Mr. Mitchell’s experience building companies and his merger and acquisitions and corporate finance experience led to his appointment as a director.

Jonathan Read, Director

Jonathan Read has been a director of the Company since August 18, 2017 and was the Chief Executive Officer, Secretary and Treasurer of the Company from October 20, 2017 until May 2019. From July 14, 2017 through July 20, 2018, Mr. Read served as a director of BTCS Inc, a digital asset-related company which may be deemed a potential competitor. From November 1, 2015 to January 31, 2017, Mr. Read was Chief Executive Officer and a director of the Company. Since 2013, Mr. Read has been Managing Partner of Quadratam1 LLC, a Scottsdale, Arizona based firm specializing in providing financial and organizational consulting services for growth-stage companies in the United States and China. From 2005 through 2012, Mr. Read was the Chief Executive Officer and a director of ECOtality, Inc. (“ECOtality”), a San Francisco based company that Mr.
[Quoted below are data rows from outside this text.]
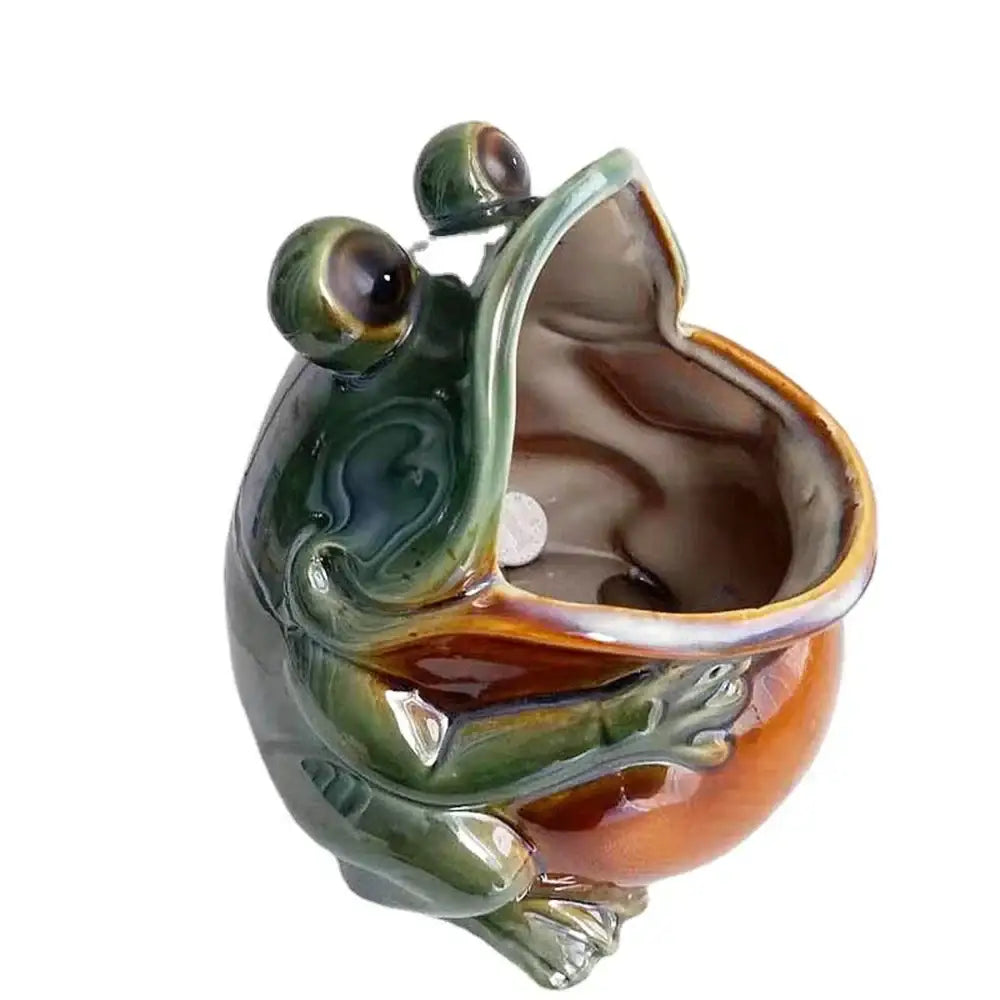 Glossy green and orange decorbites ceramic animal storage frog planter with wide open mouth for kitchen use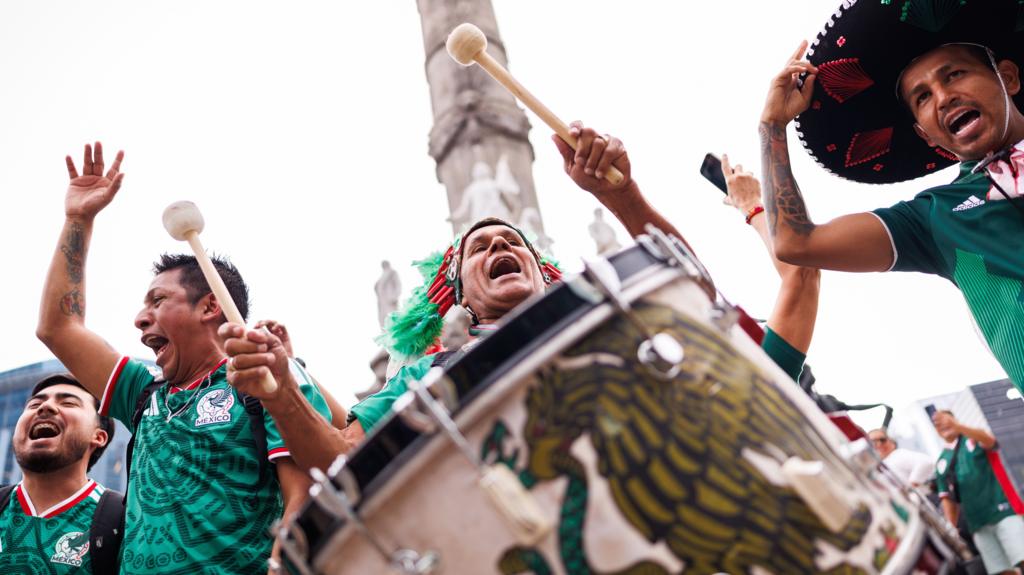 Mexico fans react in Mexico City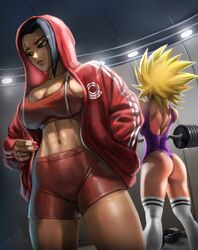 2girls ass big_ass big_breasts black_hair blonde_hair breasts cameltoe caulifla cleavage clothing dat_ass dragon_ball dragon_ball_super drip elitenappa female female_only female_saiyan jacket kale large_ass large_breasts leotard saiyan shorts socks sports_bra super_saiyan super_saiyan_2 sweat thick_thighs thighhighs universe_6 universe_6/universe_7 weightlifting weights wide_hips workout workout_clothes rating:Questionable score:377 user:Rex_Hollins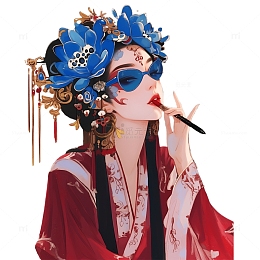 手拿口红国潮人物插画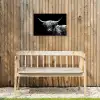 Schotse Hooglander - Koe - Zwart - Wit - Dieren Tuinposter op houten frame 2 cm dik klein -sfeer4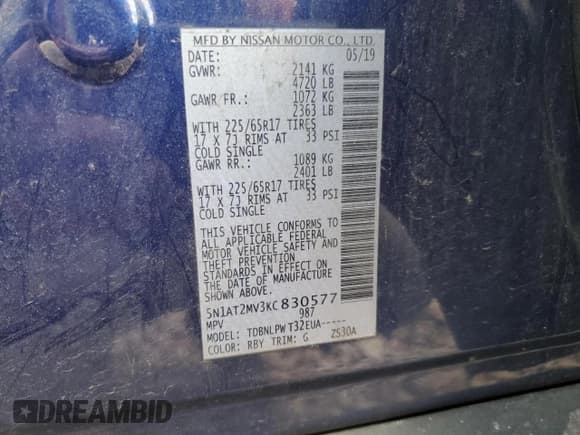 ✅ 2019 Nissan Rogue S • VIN: 5N1AT2MV3KC830577 • Lot: 91658375. Wystawiony na Copart z przebiegiem 105 438 mil. Bezpłatny archiwum sprzedaży aukcyjnych z USA i szczegółowy raport historii pojazdu na DreamBid. Zdjęcie 14.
Read founded. In 2013, ECOtality, Inc. filed for Chapter 11 bankruptcy protection. In 2014, Mr. Read filed for bankruptcy personally.

Mr. Read’s prior experience with the Company and other public company led to his appointment as a director.

Family Relationships

There are no family relationships among any of our officers or directors.

Involvement in legal proceedings

There are no legal proceedings that have occurred within the past ten years concerning our directors, or control persons which involved a criminal conviction, a criminal proceeding, an administrative or civil proceeding limiting one's participation in the securities or banking industries, or a finding of securities or commodities law violations, except that ECOtality filed for Chapter !! bankruptcy in 2013 and Mr. Read filed for personal bankruptcy in 2014.

Board Committees

The Company has no nominating, audit or compensation committees. The entire Board participates in the nomination and audit oversight processes and considers executive and director compensation. Given the size of the Company and its stage of development, the entire Board is involved in such decision-making processes. Thus, there is a potential conflict of interest in that our directors and officers have the authority to determine issues concerning management compensation, nominations, and audit issues that may affect management decisions. We are not aware of any other conflicts of interest with any of our executive officers or directors.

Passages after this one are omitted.